_What needs to be done_
Keep the images out while you retype all of the data exactly.

_Provided material_
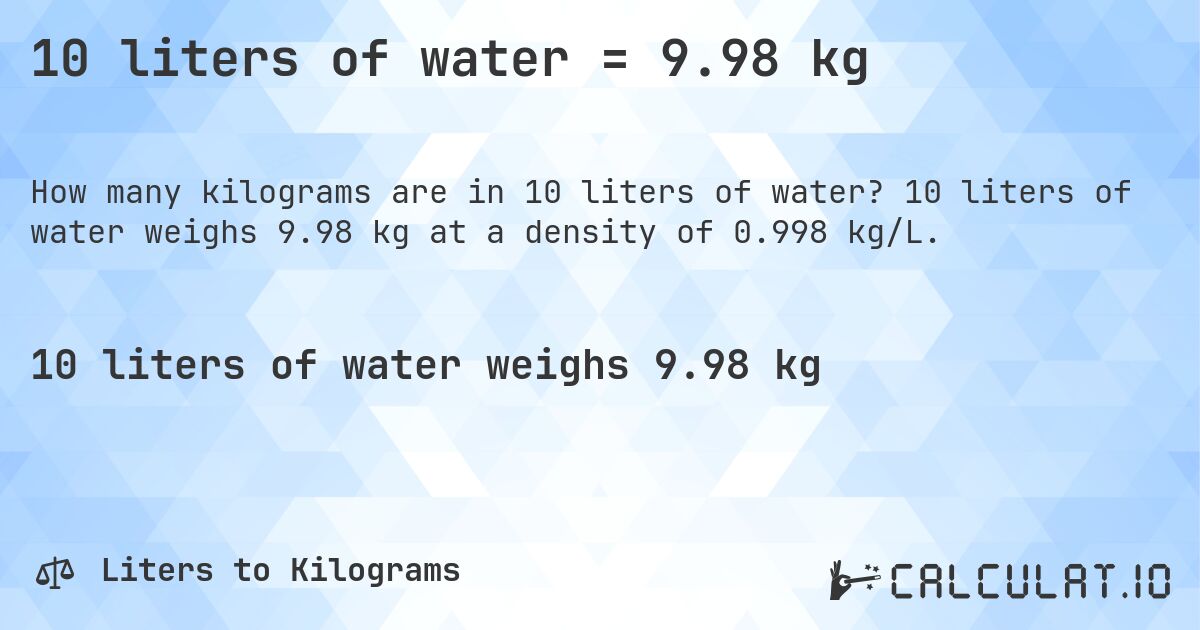 10 liters of water = 9.98 kg. 10 liters of water weighs 9.98 kg at a density of 0.998 kg/L.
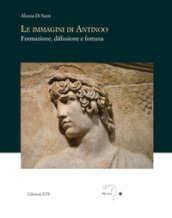 Le immagini di Antinoo. Formazione, diffusione e fortuna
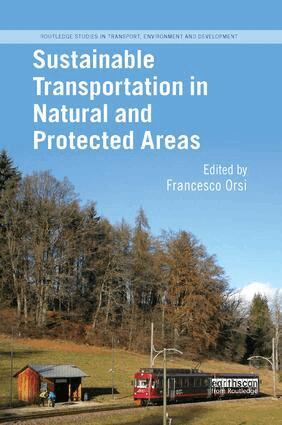 Francesco Orsi - Sustainable Transportation in Natural and Protected Areas, Häftad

_Final answer_
 10 liters of water = 9.98 kg. 10 liters of water weighs 9.98 kg at a density of 0.998 kg/L.
 Le immagini di Antinoo. Formazione, diffusione e fortuna
 Francesco Orsi - Sustainable Transportation in Natural and Protected Areas, Häftad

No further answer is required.